According to various economists, a market for any product or service can be categorized basis its features as follows: Perfect competition, Monopoly, Monopolistic competition or Oligopoly.
A perfectly competitive market structure is theoretical in nature and hardly exists in real-life scenarios. However, it is good to understand the concepts of microeconomics in this regard. A perfect competition is characterised by (Debreu, 1972):
- Many buyers and sellers: A perfect competition market will have a very large number of buyers and sellers. The significance is that this limits any buyer or seller from influencing price or output.
- Homogenous product: The firms produce output that is exactly identical or homogeneous in nature. Hence, the buyers are indifferent whether they buy products from firm A or firm B as the products are perfect substitutes.
- Freedom of entry and exit: There are no barriers to entry or exit such that the firms are free to enter or exit at any time.

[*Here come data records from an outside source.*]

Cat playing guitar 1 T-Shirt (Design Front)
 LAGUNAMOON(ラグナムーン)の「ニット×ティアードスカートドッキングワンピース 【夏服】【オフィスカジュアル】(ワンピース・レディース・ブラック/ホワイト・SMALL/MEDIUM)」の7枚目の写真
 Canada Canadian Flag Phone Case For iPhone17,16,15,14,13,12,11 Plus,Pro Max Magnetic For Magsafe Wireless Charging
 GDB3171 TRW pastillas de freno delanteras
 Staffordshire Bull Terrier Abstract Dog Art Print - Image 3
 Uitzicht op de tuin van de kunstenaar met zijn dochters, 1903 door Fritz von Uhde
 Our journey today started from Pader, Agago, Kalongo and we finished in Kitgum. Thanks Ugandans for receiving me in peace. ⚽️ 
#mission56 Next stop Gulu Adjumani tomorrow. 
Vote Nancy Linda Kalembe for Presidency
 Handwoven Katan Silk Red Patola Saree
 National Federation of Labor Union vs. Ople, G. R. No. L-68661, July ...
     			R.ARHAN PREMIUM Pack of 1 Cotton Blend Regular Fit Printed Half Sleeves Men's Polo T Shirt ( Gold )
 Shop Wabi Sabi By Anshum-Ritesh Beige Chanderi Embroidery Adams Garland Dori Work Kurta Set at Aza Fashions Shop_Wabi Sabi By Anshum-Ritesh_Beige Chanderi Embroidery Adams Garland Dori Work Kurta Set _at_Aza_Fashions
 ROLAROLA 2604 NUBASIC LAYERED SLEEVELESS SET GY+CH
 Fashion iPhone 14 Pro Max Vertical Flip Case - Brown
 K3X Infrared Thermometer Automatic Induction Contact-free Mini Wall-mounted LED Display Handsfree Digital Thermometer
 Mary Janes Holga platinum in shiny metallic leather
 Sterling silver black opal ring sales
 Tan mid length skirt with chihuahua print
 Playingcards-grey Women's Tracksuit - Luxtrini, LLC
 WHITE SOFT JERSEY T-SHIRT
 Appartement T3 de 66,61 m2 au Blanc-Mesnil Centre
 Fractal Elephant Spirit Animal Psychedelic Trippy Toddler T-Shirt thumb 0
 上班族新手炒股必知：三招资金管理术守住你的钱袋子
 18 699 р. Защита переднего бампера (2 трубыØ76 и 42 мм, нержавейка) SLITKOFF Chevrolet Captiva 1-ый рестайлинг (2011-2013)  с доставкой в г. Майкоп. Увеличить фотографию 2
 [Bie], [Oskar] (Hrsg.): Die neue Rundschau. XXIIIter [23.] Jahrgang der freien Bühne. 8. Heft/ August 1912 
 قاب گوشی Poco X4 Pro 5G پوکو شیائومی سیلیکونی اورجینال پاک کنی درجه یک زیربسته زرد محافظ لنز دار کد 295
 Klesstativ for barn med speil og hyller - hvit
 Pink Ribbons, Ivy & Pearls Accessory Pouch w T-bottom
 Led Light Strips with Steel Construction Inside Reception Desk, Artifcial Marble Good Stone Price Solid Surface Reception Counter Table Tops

- Perfect knowledge of market conditions: Both buyers and sellers have all information related to the market, such as, price, product, technology etc.
- Uniform price: In a perfect competition market, the product is sold at one single price by all the firms such that no buyer or seller can individually influence the price. For this reason, the seller is also known as the price taker.
The cost/revenue curves of a perfectly competitive firm and industry equilibrium are presented in below graph:
It can be seen in the first figure that the firm has a demand curve which is a horizontal line parallel to the x-axis (representing output). Further, the demand curve is horizontal at equilibrium price P1 as set by the market.
The demand curve of the firm is also the Average revenue and Marginal revenue curve for the firm. This is because there is uniform price in the market fixed at P1 level.
The firm will maximize profits at a point where MC=MR. In this case, it will be the point where demand curve and MC intersect. This occurs at the output level Q1.
The similar situation will be presented for each of the firm in the market. However, the cost curves will differ for each firm and will determine whether firm makes profit or incurs losses. Each firm will optimally operate at point where it’s MC=MR.
The second figure presents aggregated position of all the firms in the market. The demand curve will be downward sloping while the supply curve will be upward sloping, resulting in an equilibrium price and output for the industry. The equilibrium price will be same P1 as used by the individual firm in first figure (Debreu, 1972).
The above report discussed various types of cost, particularly fixed cost and variable cost in terms of total cost, average cost and also graphically to understand the shape of various curves.
Further, the report also discussed perfect competition market in terms of the unique characteristics and profit maximization of an individual firm. The report also discussed how market determines equilibrium quantity and price.